Japanese PM Fumio Kishida said China should immediately stop missile launches

ASIA-PELOSI/JAPAN U.S. House of Representatives Speaker Nancy Pelosi shakes hands with Japan's Prime Minister Fumio Kishida in Tokyo | Reuters

Japanese Prime Minister Fumio Kishida said on Friday that China's military exercises aimed at Taiwan represent a grave problem that threatens regional peace and security. Five ballistic missiles launched as part of the drills landed in Japan's exclusive economic zone.

Kishida, speaking after breakfast with US House Speaker Nancy Pelosi and her congressional delegation, said the missile launches need to be stopped immediately.

China, which claims Taiwan and has threatened to annex it by force if necessary, called Pelosi's visit earlier this week to the self-ruled island a provocation and on Thursday began military exercises, including missile strike training, in six zones surrounding Taiwan, in what could be its biggest since the mid-1990s.

In Taipei on Wednesday, Pelosi said the American commitment to democracy in Taiwan and elsewhere remains ironclad. She became the first House speaker to visit the island in 25 years.

Japanese Defence Minister Nobuo Kishi said five missiles landed on Thursday in Japan's exclusive economic zone off Hateruma, an island far south of Japan's main islands. He said Japan protested to China, saying the missiles threatened Japan's national security and the lives of the Japanese people, which we strongly condemn.

Japanese Foreign Minister Yoshimasa Hayashi, attending a regional meeting in Cambodia, said China's actions are severely impacting peace and stability in the region and the international community, and we demand the immediate suspension of the military exercises.

Japan has in recent years bolstered its defense capability and troop presence in southwestern Japan and remote islands, including Okinawa, which is about 700 km (420 miles) northeast of Taiwan. Many residents say they worry their island will be quickly embroiled in any Taiwan conflict. Okinawa is home to the majority of about 50,000 American troops based in Japan under a bilateral security pact.
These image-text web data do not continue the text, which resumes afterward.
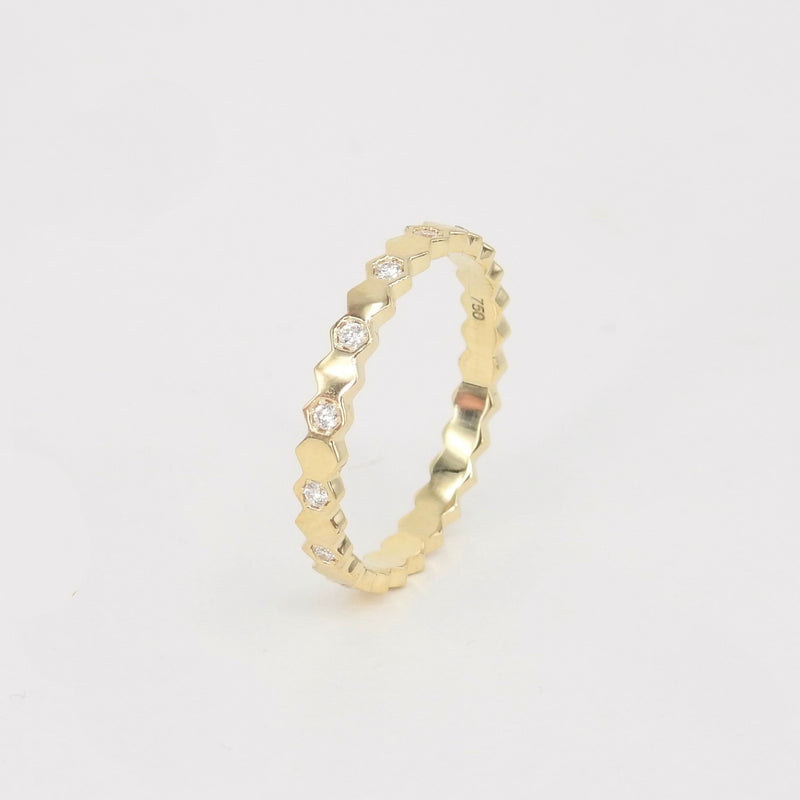 Nature-Inspired Hexagon Diamond Band –  Solid 18k Gold Stacking Eternity Ring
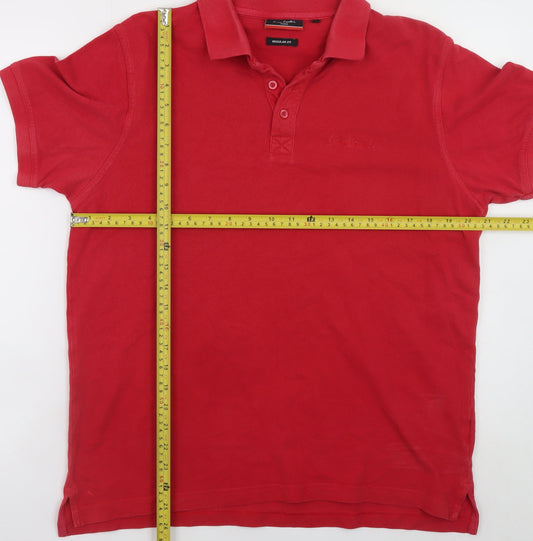 Pierre Cardin Men's Red Cotton Short Sleeve Polo Shirt L Regular Fit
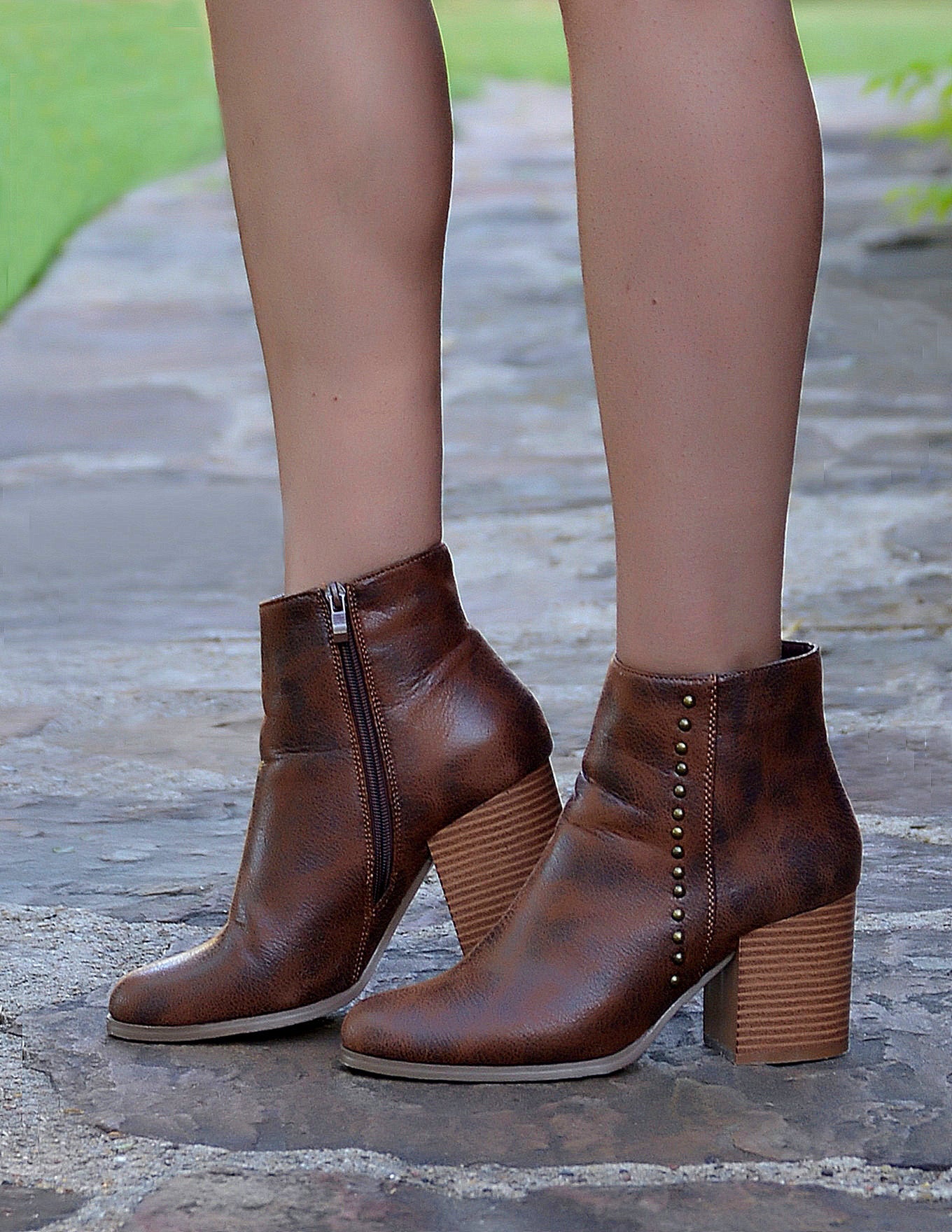 Women's Brown Chunky Block Heel Ankle Booties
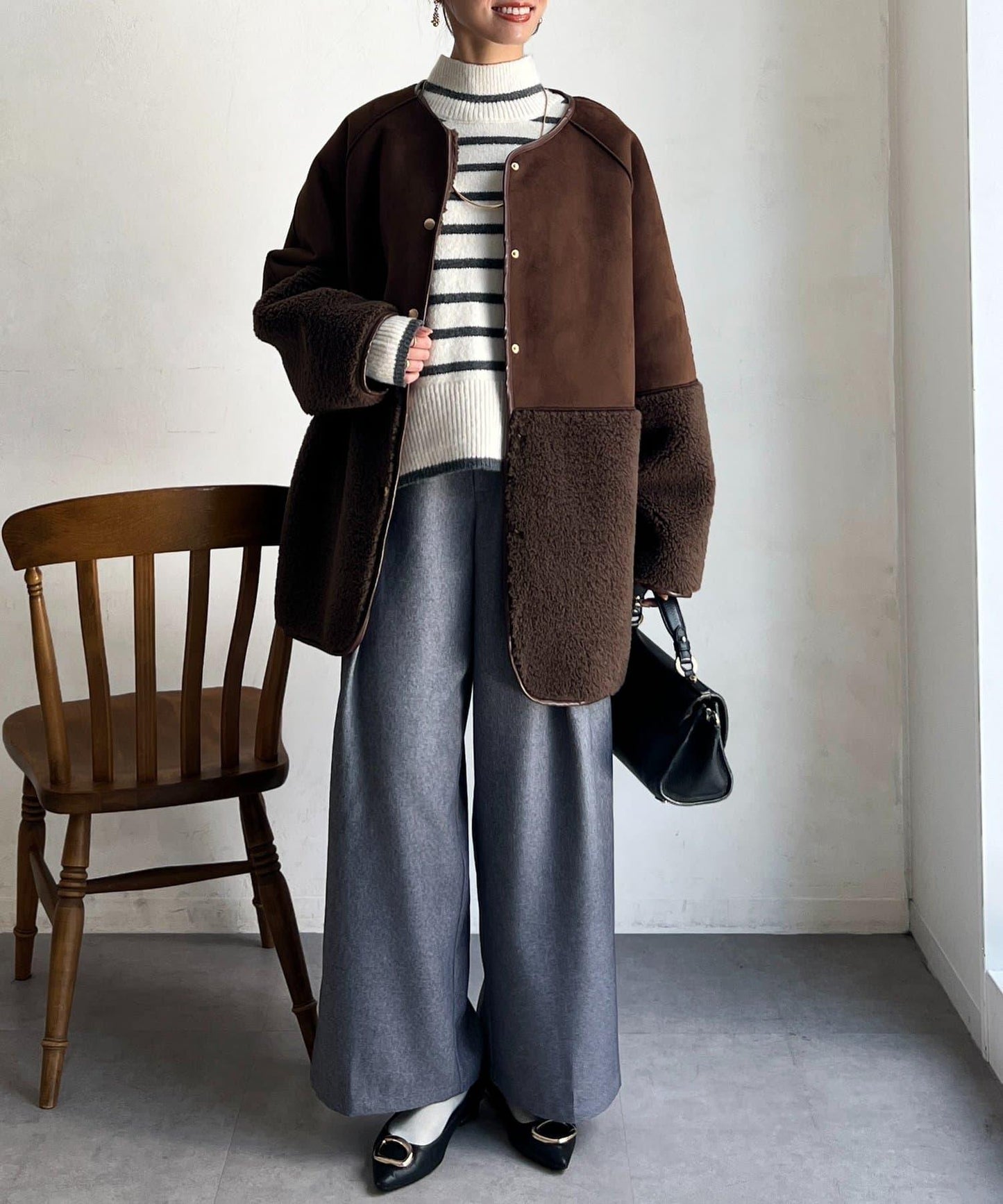 後開叉高領針織套頭衫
At the breakfast earlier Friday, Pelosi and her congressional delegation also discussed their shared security concern over China, North Korea and Russia, and pledged their commitment to working toward peace and stability in Taiwan, Kishida said. Pelosi also was to hold talks with her Japanese counterpart, lower house Speaker Hiroyuki Hosoda.
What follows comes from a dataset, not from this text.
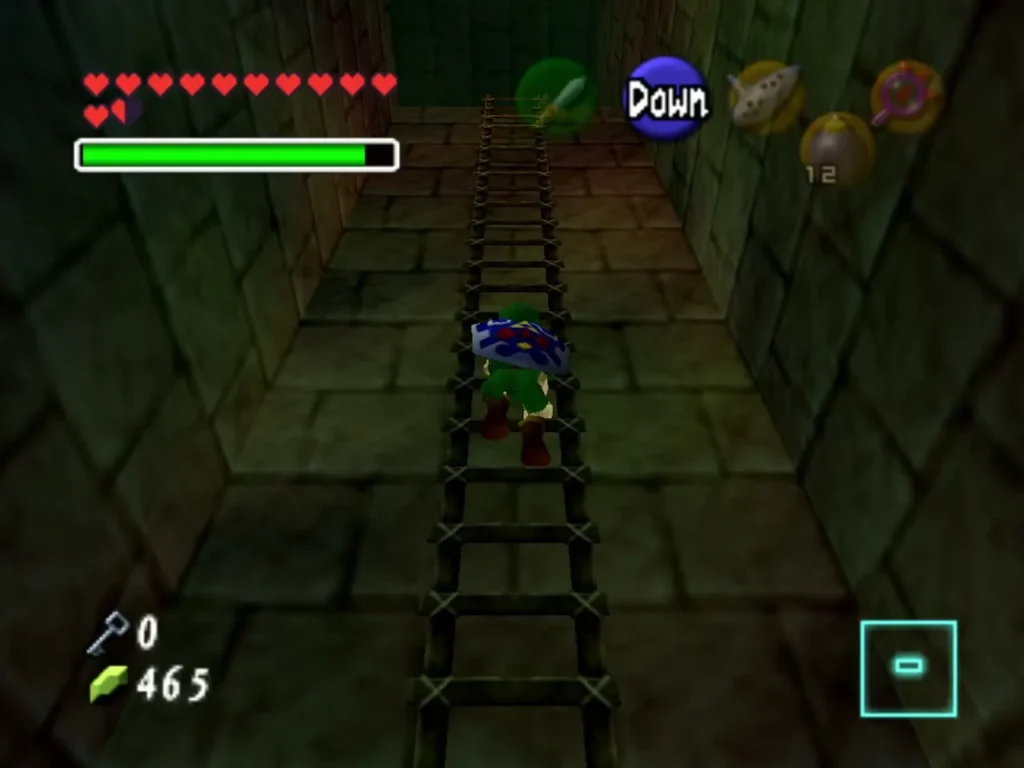 Link climbing a wooden ladder up the Bottom of the Well shaft with the Down prompt showing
Japan and its key ally, America, have been pushing for new security and economic frameworks with other democracies in the Indo-Pacific region and Europe as a counter to China's growing influence amid rising tensions between Beijing and Taipei.

On Thursday, the foreign ministers of the Group of Seven industrialised nations issued a statement saying there is no justification to use a visit as pretext for aggressive military activity in the Taiwan Strait. It said China's escalatory response risks increasing tensions and destabilising the region.

China cited its displeasure over the statement for the last-minute cancellation of talks between the Chinese and Japanese foreign ministers on the sidelines of the Association of Southeast Asian Nations meeting in Cambodia on Thursday.

Taiwan has put its military on alert and staged civil defence drills, while the US has numerous naval assets in the area.